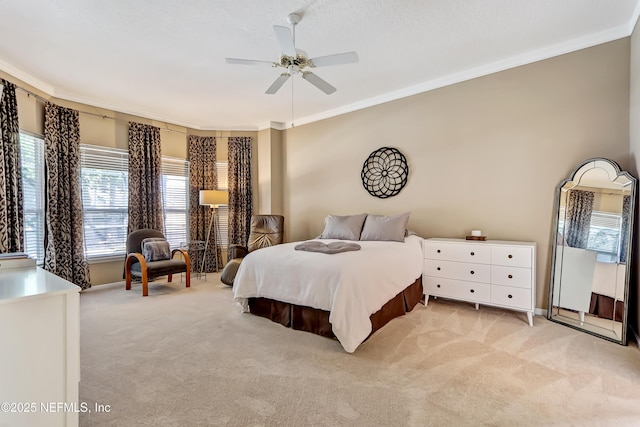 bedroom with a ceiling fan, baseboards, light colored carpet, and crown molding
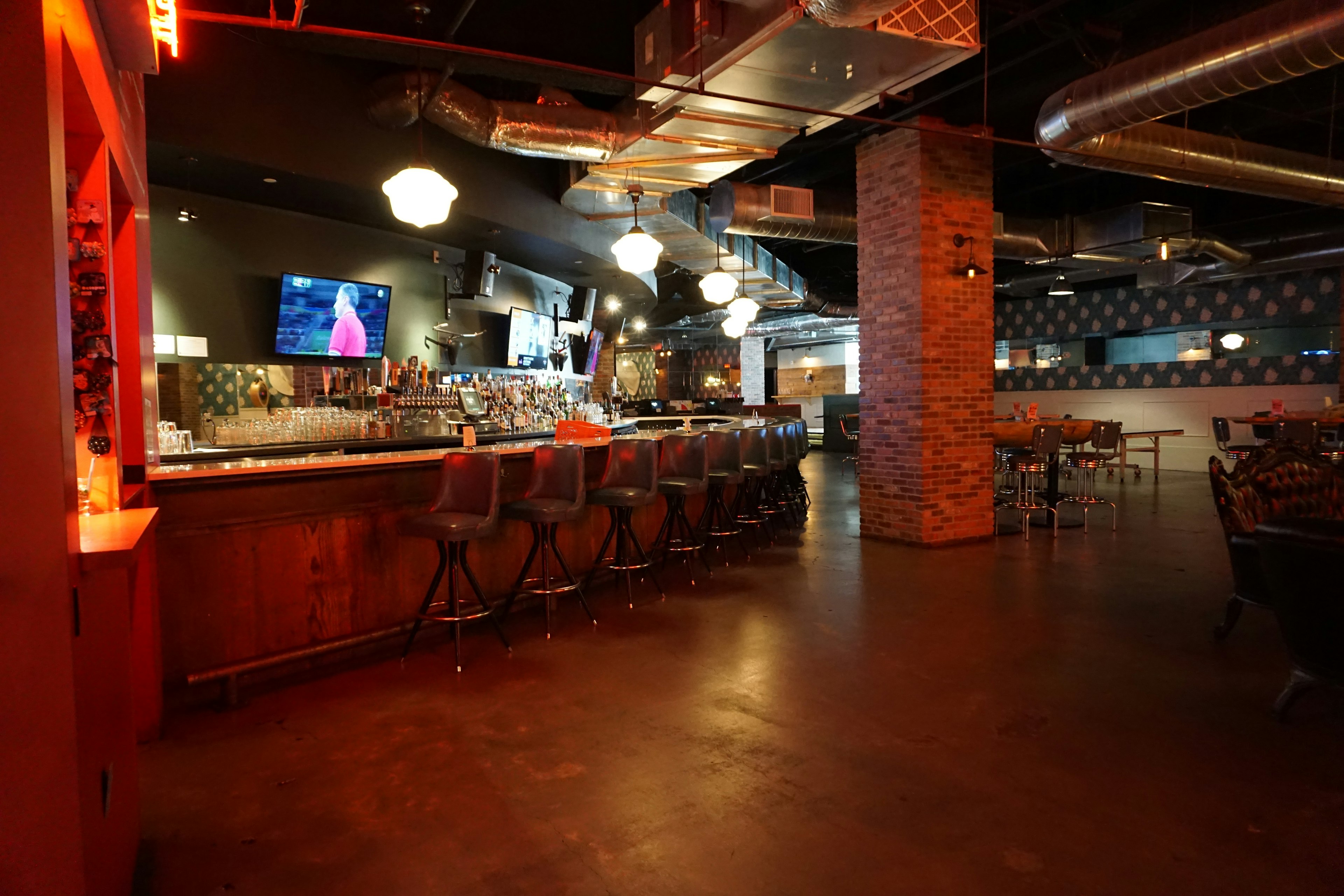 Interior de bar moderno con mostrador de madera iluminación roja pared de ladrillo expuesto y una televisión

* * *

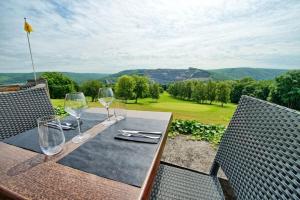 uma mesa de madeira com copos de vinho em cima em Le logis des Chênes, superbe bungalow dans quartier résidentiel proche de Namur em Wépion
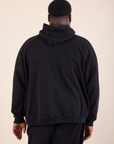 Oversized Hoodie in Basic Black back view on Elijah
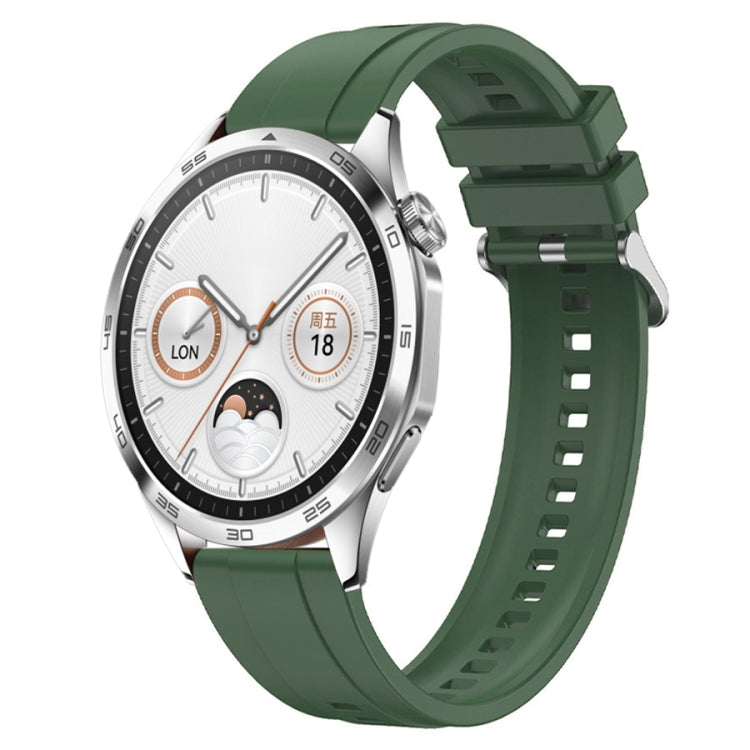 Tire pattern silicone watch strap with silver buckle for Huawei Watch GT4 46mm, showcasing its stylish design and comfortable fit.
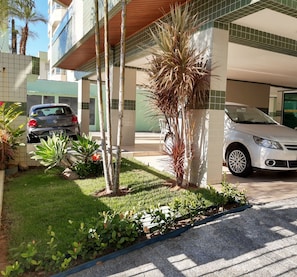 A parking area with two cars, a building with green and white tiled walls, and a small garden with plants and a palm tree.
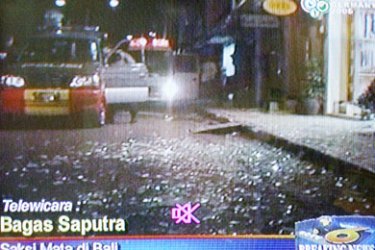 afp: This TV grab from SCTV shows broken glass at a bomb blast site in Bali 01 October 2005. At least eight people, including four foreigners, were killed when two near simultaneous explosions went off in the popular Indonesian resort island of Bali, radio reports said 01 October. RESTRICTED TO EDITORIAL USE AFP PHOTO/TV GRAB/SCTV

* * *

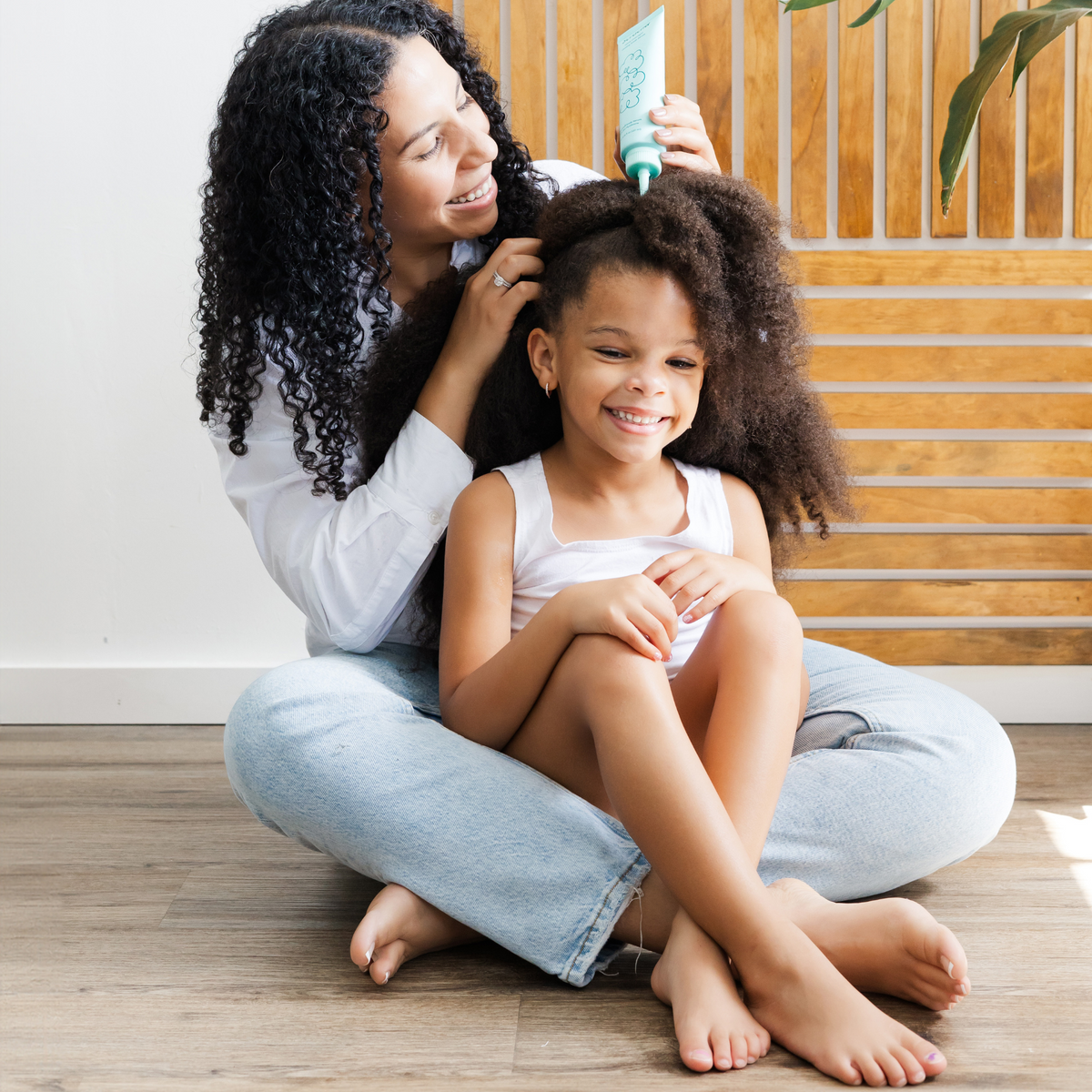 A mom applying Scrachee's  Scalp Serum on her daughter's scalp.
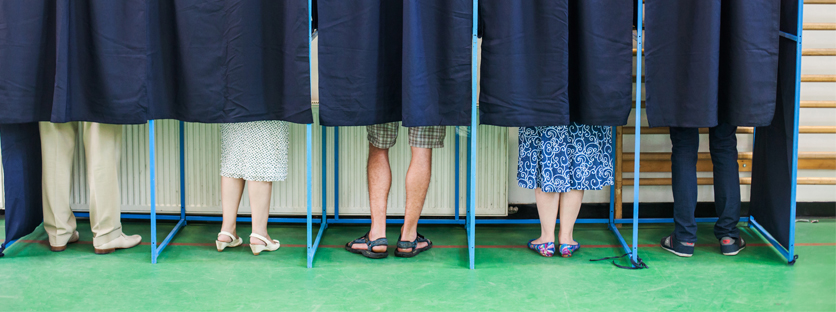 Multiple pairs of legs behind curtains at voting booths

• _What this task involves_:
In the listing above, find the line with "bedroom with a" and the line with "Interior de bar". Output both, plus every line between them, and no pictures.

• _Task output_:
 bedroom with a ceiling fan, baseboards, light colored carpet, and crown molding
 Interior de bar moderno con mostrador de madera iluminación roja pared de ladrillo expuesto y una televisión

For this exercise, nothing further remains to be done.